On cloud infrastructure, you are able to define hosts that have an internet-routable IP and hosts that only have internal IPs. In AWS Virtual Private Cloud (VPC), you define these hosts by setting up a second set of private subnets and spawning hosts within those subnets instead of the default public subnets.
Treat the default public subnet like a DMZ and put hosts there only if they truly need access to the internet. Put all other hosts into the private subnet. With this practice in place, even if hosts in the private subnet were compromised, they couldn't talk directly to the internet even if an attacker wanted them to, which makes it much more difficult to download rootkits or other persistence tools without setting up elaborate tunnels.
These days it seems like just about every service wants unrestricted access to web ports on some other host on the internet, but an advantage to the private subnet approach is that instead of working out egress firewall rules to specific external IPs, you can set up a web proxy service in your DMZ that has more broad internet access and then restrict the hosts in the private subnet by hostname instead of IP. This has an added benefit of giving you a nice auditing trail on the proxy host of all the external hosts your infrastructure is accessing.

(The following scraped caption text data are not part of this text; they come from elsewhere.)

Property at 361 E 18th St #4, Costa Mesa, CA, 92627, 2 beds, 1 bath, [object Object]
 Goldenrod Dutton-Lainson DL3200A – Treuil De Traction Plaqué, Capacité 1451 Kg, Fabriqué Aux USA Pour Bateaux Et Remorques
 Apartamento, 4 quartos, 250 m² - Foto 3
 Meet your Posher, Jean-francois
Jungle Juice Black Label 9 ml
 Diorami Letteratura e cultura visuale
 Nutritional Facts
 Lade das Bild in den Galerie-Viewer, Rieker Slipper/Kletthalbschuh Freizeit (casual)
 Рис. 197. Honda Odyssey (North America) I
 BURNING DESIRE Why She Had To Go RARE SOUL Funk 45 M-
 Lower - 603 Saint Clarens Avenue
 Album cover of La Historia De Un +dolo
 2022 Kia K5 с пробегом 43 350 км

AWS provides a rich set of access control list tools by way of IAM. This lets you set up very precise rules about which AWS resources an account or role can access using a very complicated syntax. While IAM provides you with some pre-defined rules to get you started, it still suffers from the problem all rich access control lists have—the complexity makes it easy to create mistakes that grant people more access than they should have.
My recommendation is to use IAM only as much as is necessary to lock down basic AWS account access (like sysadmin accounts or orchestration tools for instance), and even then, to keep the IAM rules as simple as you can. If you need to restrict access to resources further, use access control at another level to achieve it. Although it may seem like giving somewhat broad IAM permissions to an AWS account isn't as secure as drilling down and embracing the principle of least privilege, in practice, the more complicated your rules, the more likely you will make a mistake.
Cloud environments provide a lot of complex options for security; however, it's more important to set a good baseline of simple security practices that everyone on the team can understand. This article provides a few basic, common-sense practices that should make your cloud environments safer while not making them too complex.